ApacheSpark is just a Java Virtual Machine (JVM) that take cares of parallelizing processing for us. The code we write is basically the driver JVM and then ApacheSpark communicates with smaller JVM executors. It does this by allocating compute/worker nodes which have their own JVM executors. It doesnt matter which core our driver JVM runs on since all of the compute clusters are on the network.

Switching Fabric:

  • A network topology that allows for High I/O Bandwidth
  • This is used for a system where we have networked file storage. The disks are not physically connected to any node and so are equally acessible to all nodes via networks.

Hadoop Data File System (HDFS):

  • This is used to store files that are too large to fit on one Hard disk.
  • We use this when we store data on JBOD (Just a bunch of Disks) or Directly attached storage instead of using some networked storage. Here our disks are physically attached to each node.
  • This is not posix compliant, so operating system filesystem cant directly communicate with it, instead a REST api is used or some other CLI applications.
  • Divide the file into equally sized chunks and distribute them on multiple hard drives.
  • Hadoop provides a virtual file interface which allows us to interact with the file as if it was a single large file rather than distributed.
  • since Hadoop keeps track of which drive which chunk of the file is on, we can utilize parallel processing by allocating the cpu that is closest to the drive with data that needs to be processed.

Resilient Distributed Dataset (RDD):

  • This is the basic primitive/first class citizen used by ApacheSpark.
  • They can be made from any underlying data system like SQl/NoSQL/ObjectStore etc.
  • They can be typed (int, str etc)
  • They are lazy (node only used if data is needed)
  • RDD is basically a bunch of data that is in the memory of our jvm worker nodes. When the sum of all our worker node’s memory is filled up this is spilled to disk.
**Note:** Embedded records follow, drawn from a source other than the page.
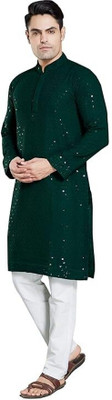 garviya fashion Men Embellished, Self Design Straight Kurta(Green)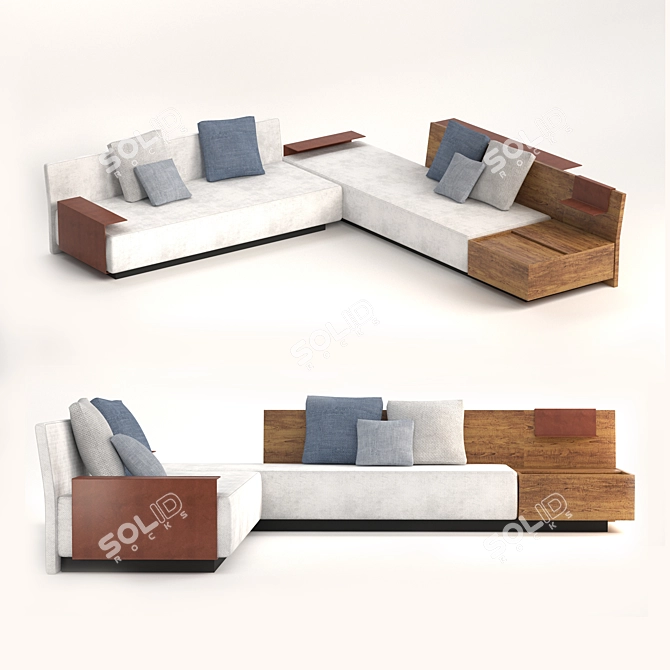 Modern Wood-backed Sofa+ in Fabric 3D model image 5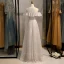 Sparkly Silver Grey Glitter Evening Dresses  2020 A-Line / Princess Scoop Neck Sequins Short Sleeve Floor-Length / Long Formal Dresses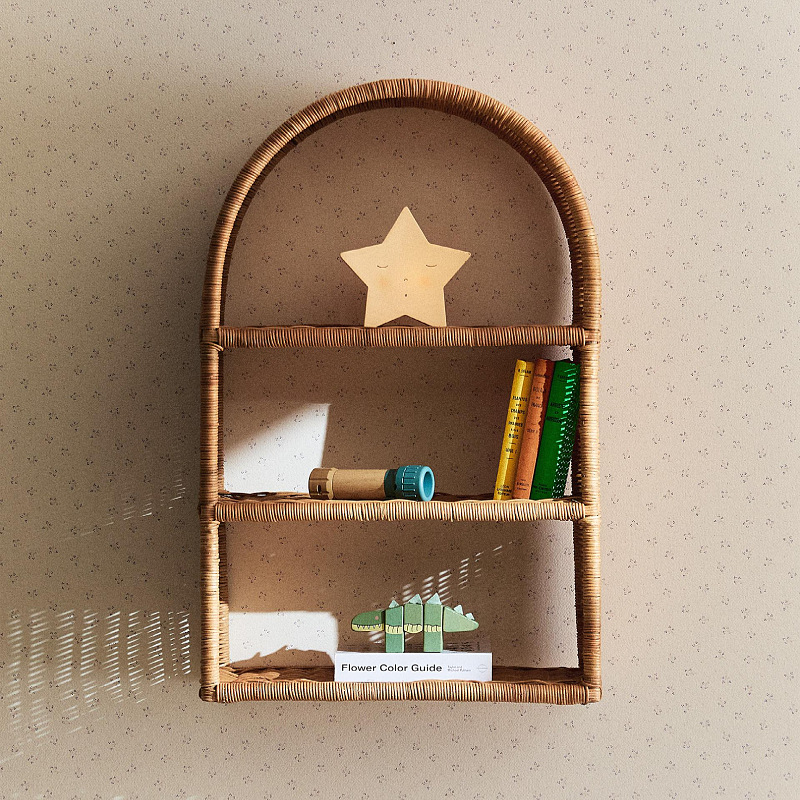 Estantes laminados tejidos de caña estantes de tres capas estantes de pared estantes de sala de estar dormitorio baño decoración del hogar estantes de almacenamiento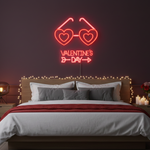 Valentine’s Day With Heart Sunglasses” LED neon sign glowing in pink and red tones, perfect for playful Valentine’s Day décor by Neon.Shop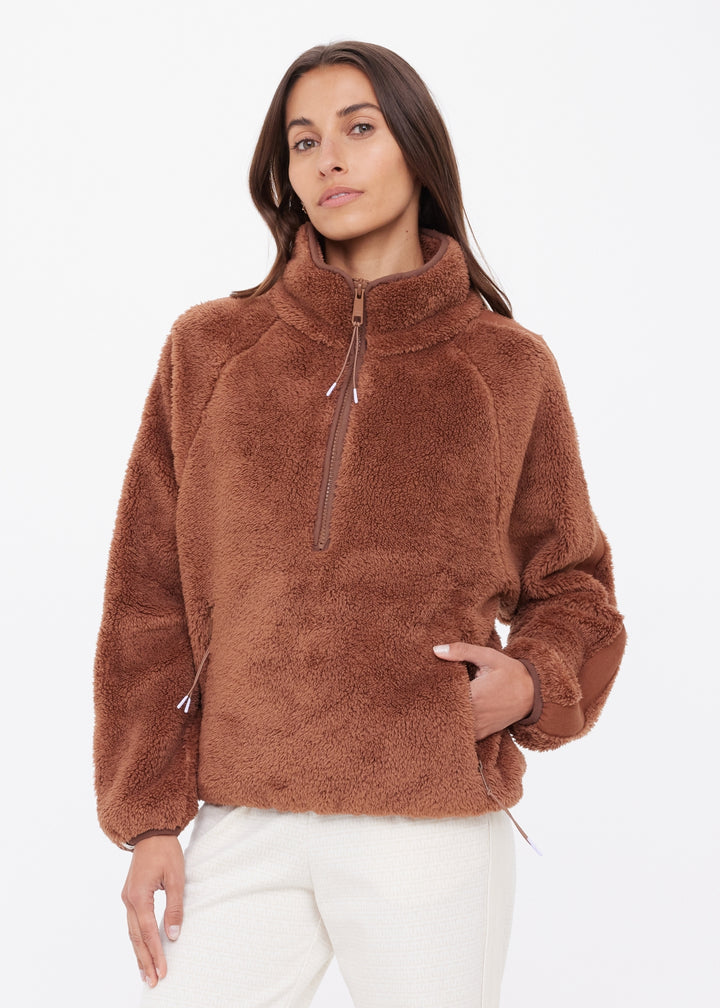 The Upside - Harlow Fleece Pullover - Walnut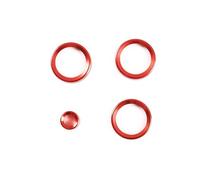 Accesorios Coche Para Range Para Rover Para Evoque 2012-2018 Perilla Aire Acondicionado Automóvil Botón Control Volumen Audio Cubierta Anillo Interior Accesorios(Red)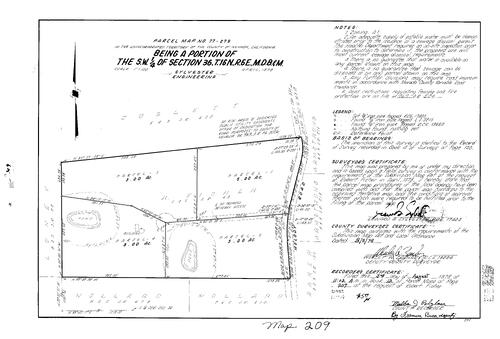 Click to see Parcel Map Book 12, pg. 209 (1978) of Nevada County Recorders Parcel Maps Book 12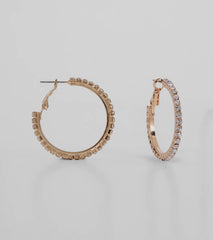 Pretty Sparkle Rhinestone Hoop Earrings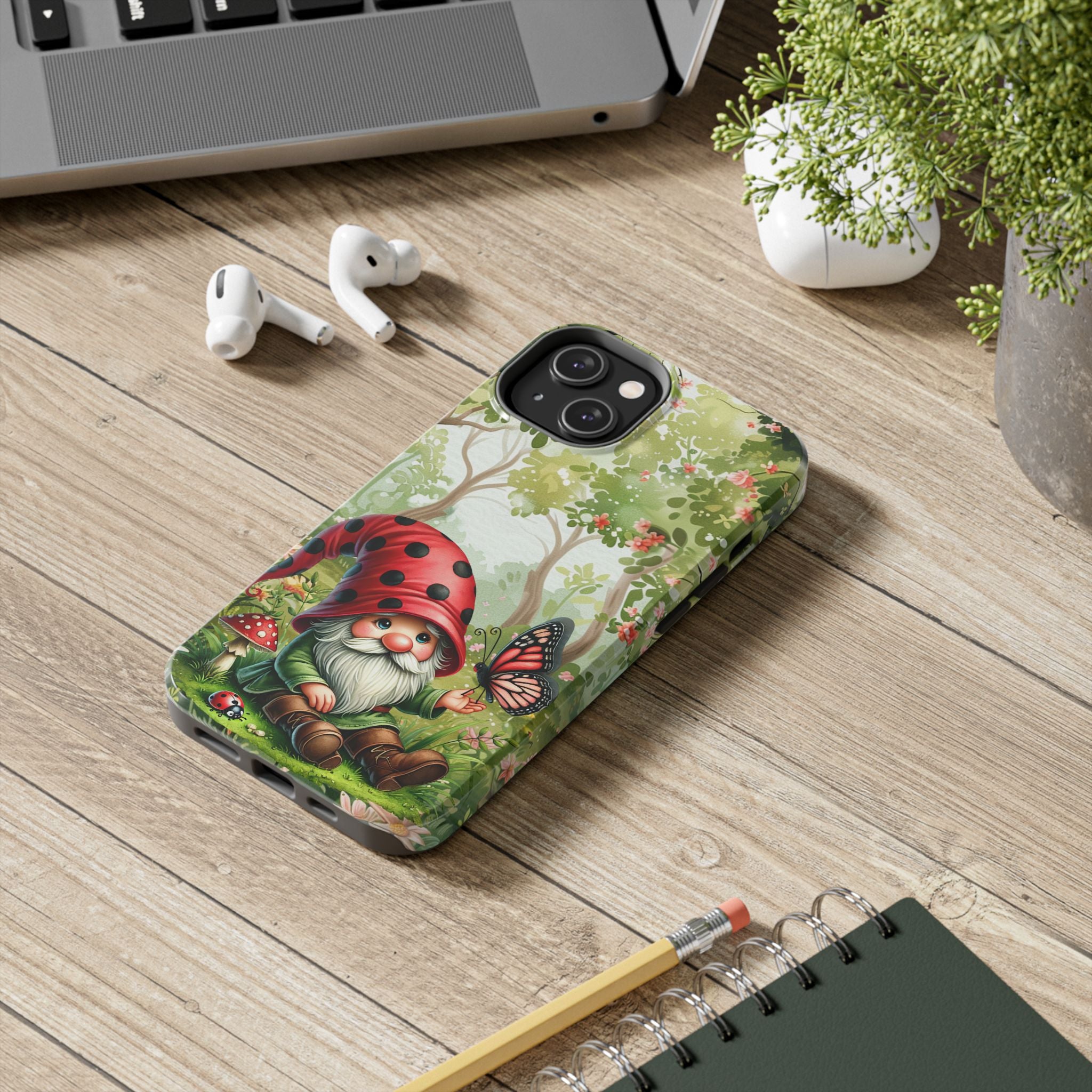 Whimsical Lady Bug Gnome Phone Case - Tough & Durable with Nature Vibe
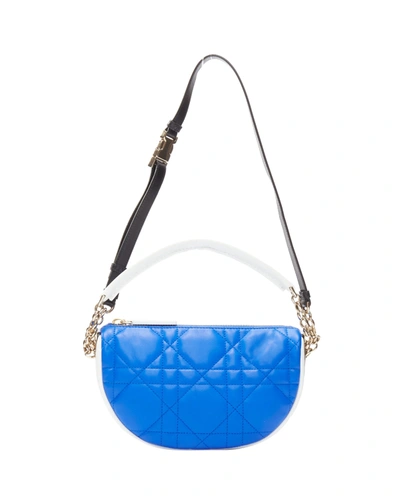 Dior Christian  2022 Vibe Blue White Cannage Lambskin Hobo Shoulder Bag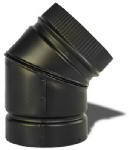 SELKIRK CORPORATION DSP Double Wall Stove Pipe, 6-Inch, 45 degree Elbow Matte Black Finish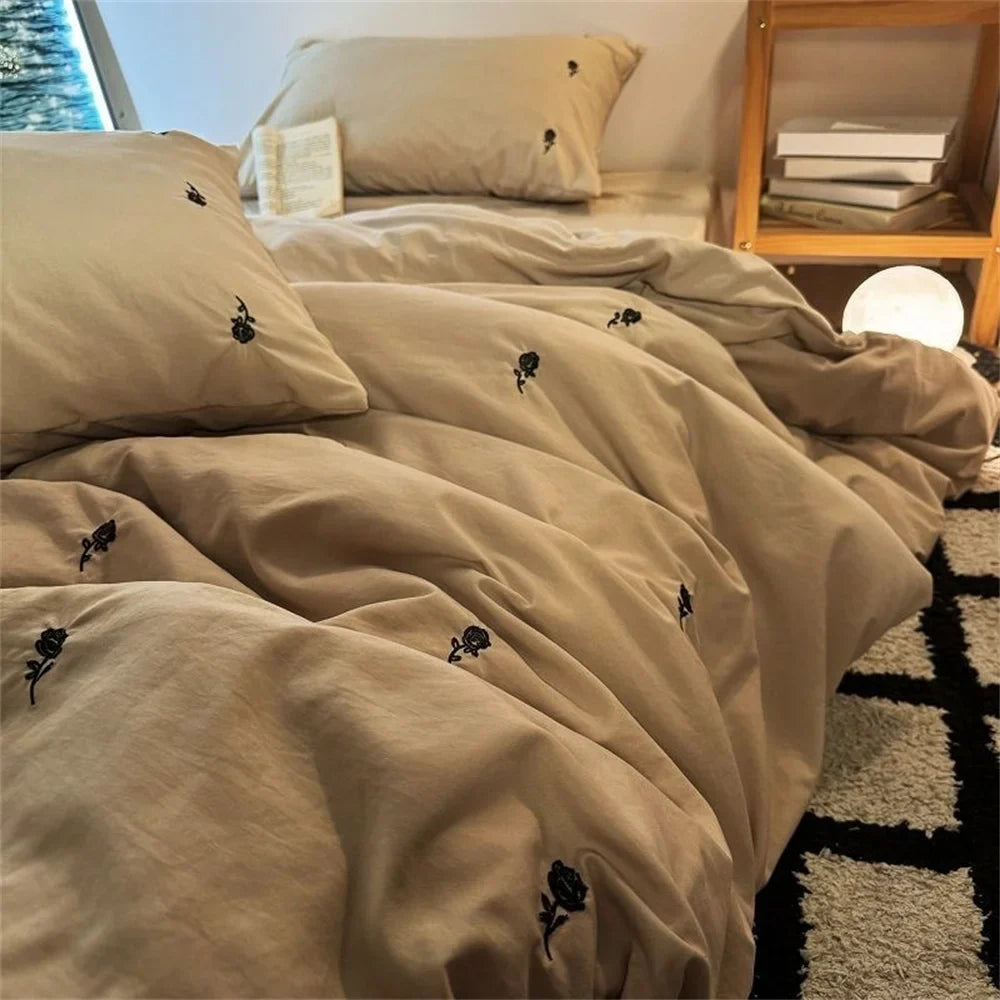 Ins Style Embroidered Flower Bedding Sheet Nordic Duvet Cover Set Home Luxury No Filling Bedding Set Comfortable Bedspread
Bash aliases are good to replace single line commands like alias desk = cd ~/Desktop. Functions are kept in the .bashrc file and they are loaded into memory with the terminal so they are good for multiple line commands that we reuse many many times within the terminal. Scripts are things that are not only useful within the terminal but also outside. Scripts are loaded from file everytime they are run. Scripts are supposed to not be ran that often so there is no point in keeping them in memory. Scripts are available to other programs to use. Functions are only for use within the original terminal instance, not its children, not other programs.

Learnt to follow a recipe to install and deploy a ruby on rails app to heroku. (TheOdinProject) didnt learn anything honestly… Read up on some web basics, DNS/HTTP/Packets. Nothing new.

Support vector machines are modified versions of logistic regression with regularization. We change the cost function from log loss to something called the hinge loss. Also we get rid of the regularization parameter lambda and instead put a constant C multiplied with the first term in the loss function. Previously large values of lambda resulted in us giving more weight to minimizing the 2nd term. In SVMs large values of C are equivalent to giving more weight to minimizing the first term which we can have the intuition for as maximizing the margin from the decision boundary to all data points. This is why SVMs are also called large margin classifiers. So: Large C means large margin but there is a problem, if we have outliers then we will end up learning a very bad decision boundary just to maximize the margin, wiggle room and misclassifications are allowed by reducing the value of C. Like tuning the value of lambda allowed us to simplify the logistic regression model, similarly tuning the value of C allows us to tune the SVM.